Bref Larcenet........ne prouve rien....juste il raconte une histoire
Alors ....ouvrez les yeux !!!!
Bien
à vous
----- un petit tour d'horizon !!!!
résumé :Le père de marco est mort ...et apres ! ( tome 3)
Mon père est mort...
je fais des crises d'angoisses ...
j'ai fait des crises d'angoisses...
ma femme est vétérinaire..
on a tué mon chat...
j'ai travaillé sur des chantiers navals...
je suis photographe
J'ai la diarrhée quand je suis stressé...

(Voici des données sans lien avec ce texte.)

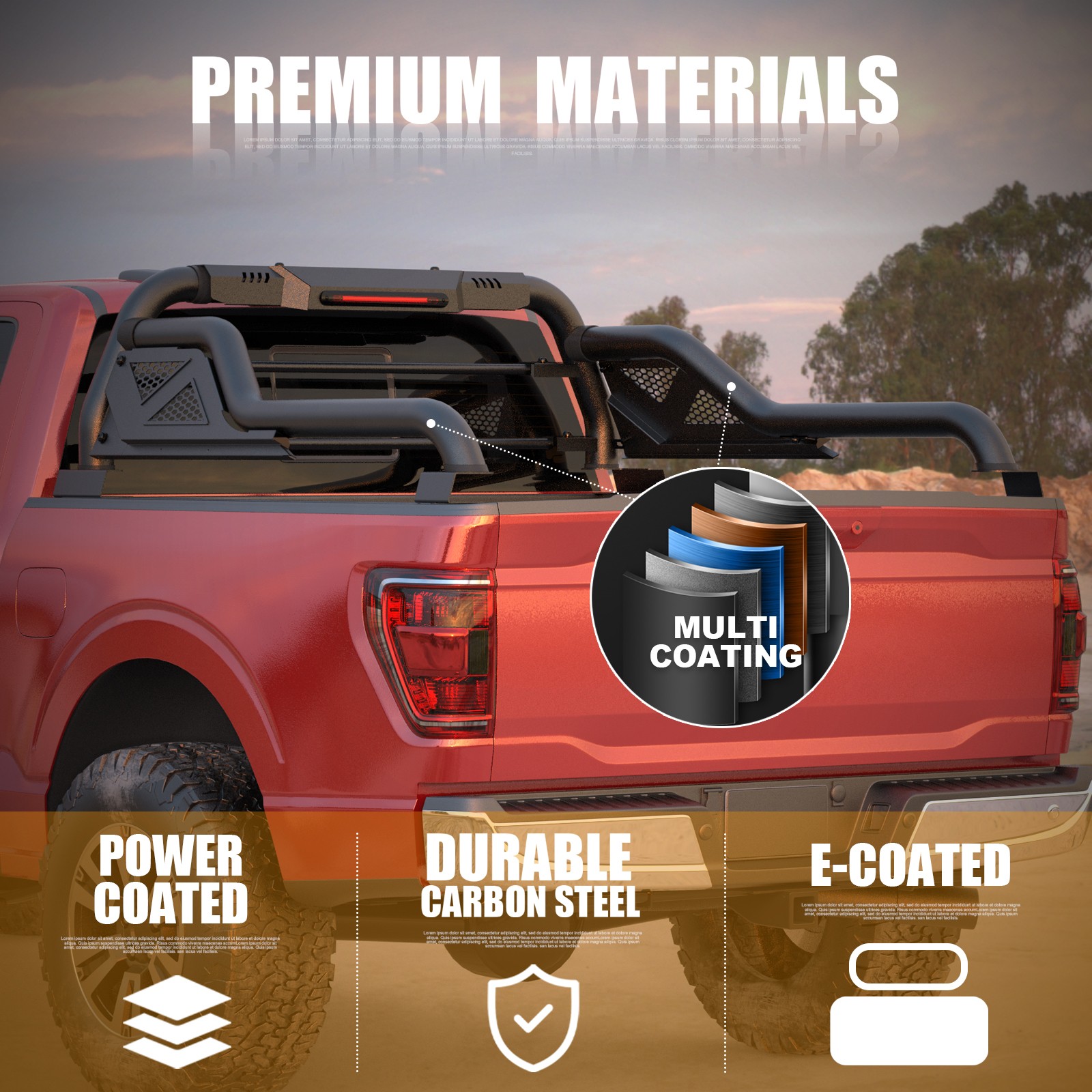 Adjustable Truck Roll Sport Bar Rack Bed Bar Black For Toyota Tacoma 2005-2025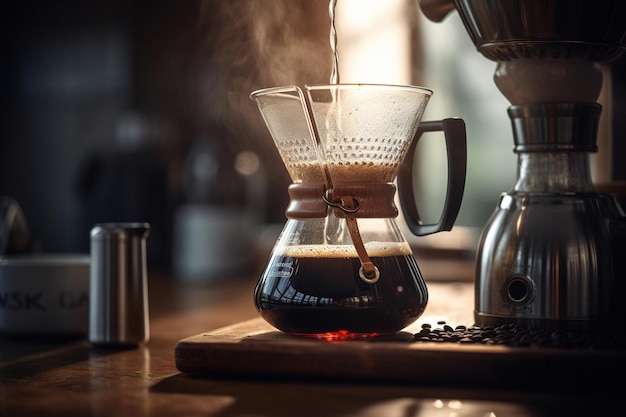 Kit de café goutte à goutte à la main barista versant de l'eau sur du café moulu avec filtre générative ai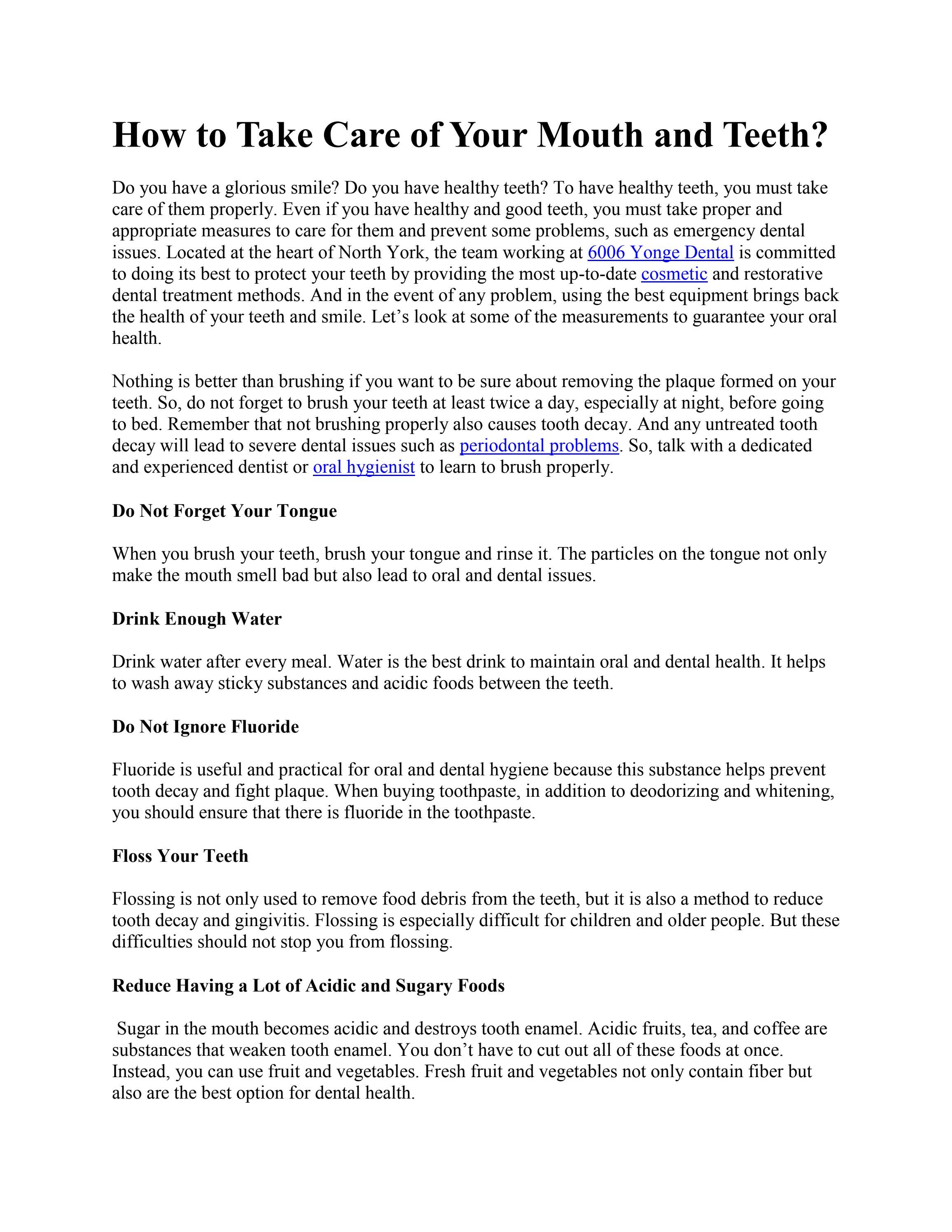 How to Take Care of Your Mouth and Teeth? by yongedental Issuu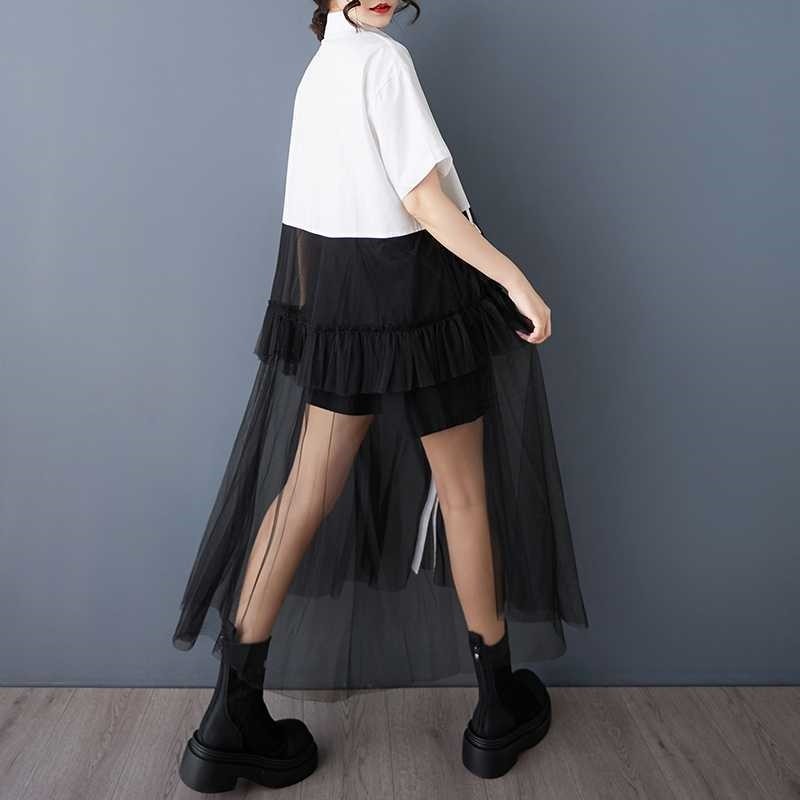 Sheer Pleated Faux Two-Piece Fashion Dress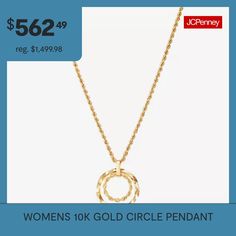 Features: Quick ShipJewelry Closure: Lobster ClaspLink Construction: HollowShape: CircleMetal Color: YellowChain Length: 18 InchChain Width: 2.2 MillimetersChain Gauge: 016Pendant Length: 19.2mmPendant Width: 19.2mmChain Construction: RopeCare: Wipe CleanMetal: 10k GoldNecklace Type: Pendant NecklacesCountry of Origin: Imported Anniversary Chain Necklace With 17 Jewels, Diamond Cut Chain Necklace For Anniversary, Anniversary Diamond Cut Chain Necklace, 9ct Gold Circle Pendant Necklace, Gold Plated Necklaces Stamped 14k, Gold Necklace Stamped 14k, Stamped 14k Necklaces For Anniversary, Stamped 14k Anniversary Necklace, Yellow 14k Gold Round Pendant Necklace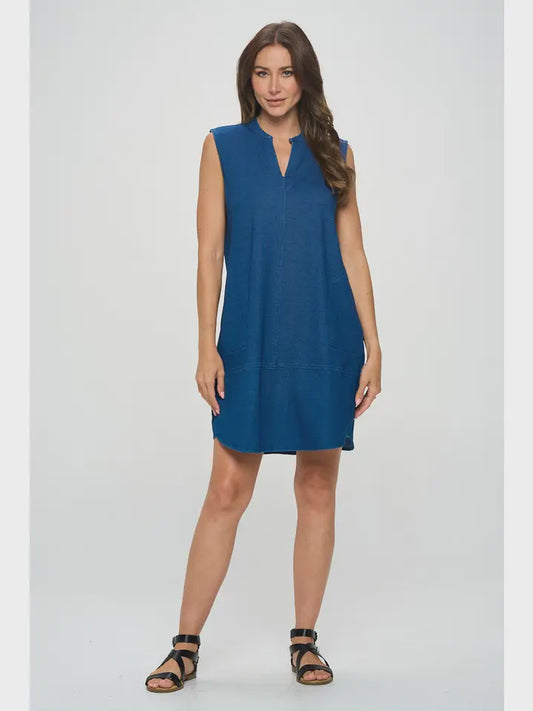 Knit Denim Dress - Blue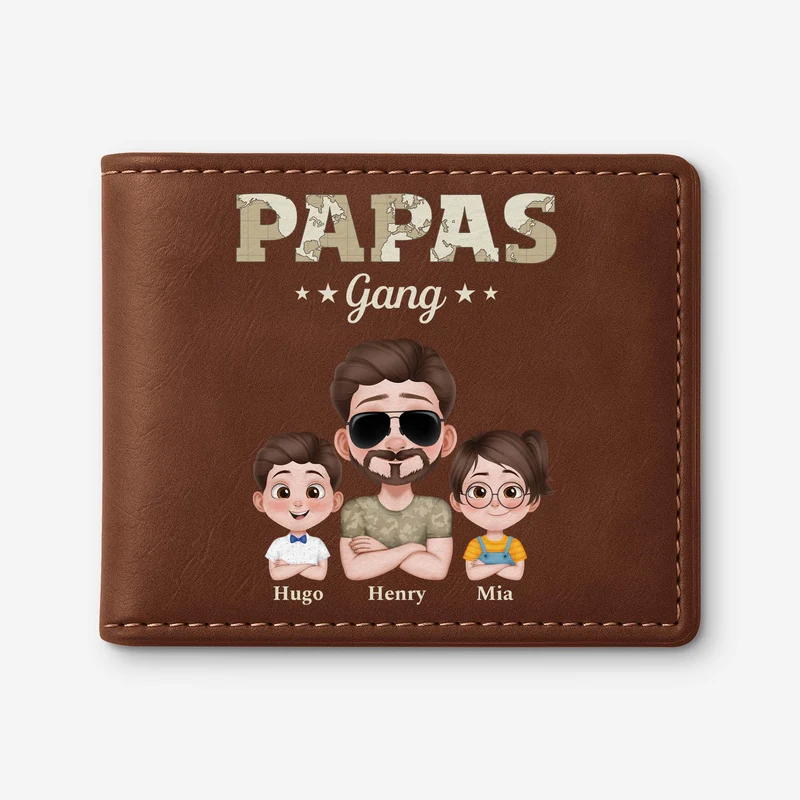 Papas Gang Weltkarte Armeemuster - Personalisierte Geschenke Herren | Portemonnaie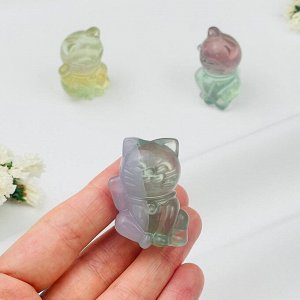 Фигурка Манэки-нэко (Кот удачи) из Флюорита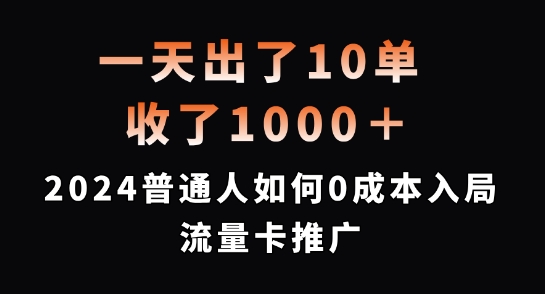 （第11430期）一天出了10单，收了1000+，2024普通人如何0成本入局流量卡推广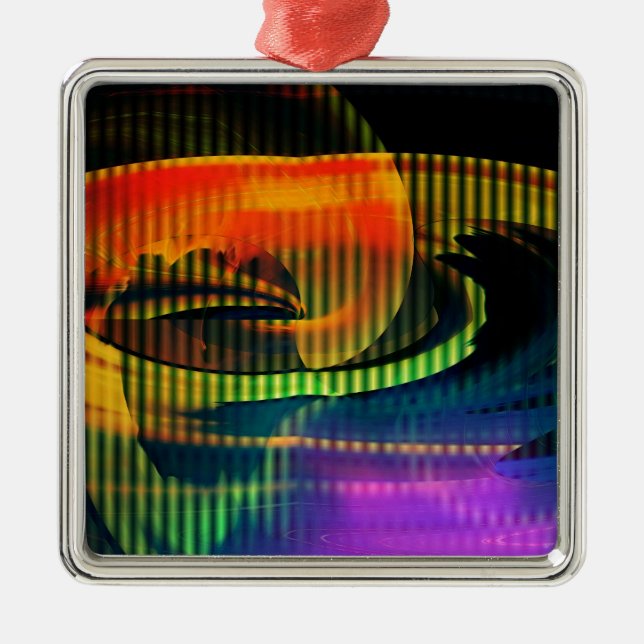 Alien Landscape Rainbow Abstrakt Silbernes Ornament (Vorne)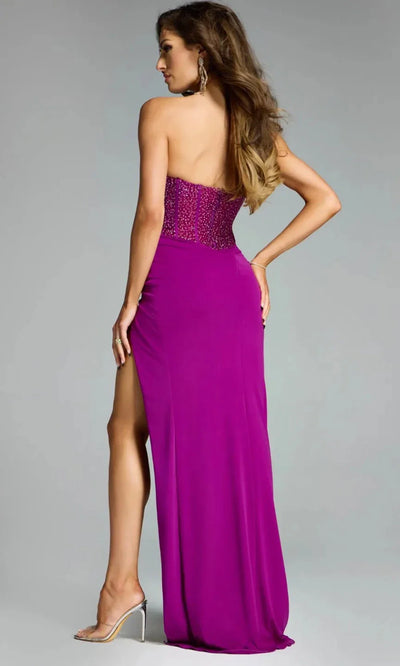 Jovani 42465 - Elegant Strapless Beaded Evening Gown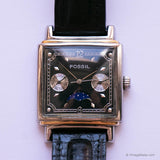 Vintage Fossil Moon Phase Tank Watch for Gents with Black Dial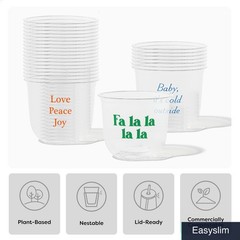 Plant-Based Disposable Cold Cups 12oz Set of 24 Holiday Sip Sing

j'ai un mentor qui fut bourreau...
ma femme veut des enfants..
je vois un psy...
Je m'appelle Marco...
J'en passe et des meilleures
le problème ( enfin l'un des problèmes ) avec la série des "combats ordinaire" c'est son lectorat.Sous le choc d'une lecture fascinante ( au vu de la qualité des albums !) le lecteur a tendance à tomber dans le jugement ( combien on trouvait le deuxième moins bon que le premier ...parce que moins profond, moins fort tout ça toutça !!!) et surtout dans l'identification fanatique.
Que l'oeuvre ( c'en est une !) de larcenet propose une vision originale et magistrale des problèmes du quotidien, que cela fasse sens et résonne dans la vie de chacun, c'est une chose.Reste que la transformation en fait de société..en est une autre...bien plus perverse celle-ci.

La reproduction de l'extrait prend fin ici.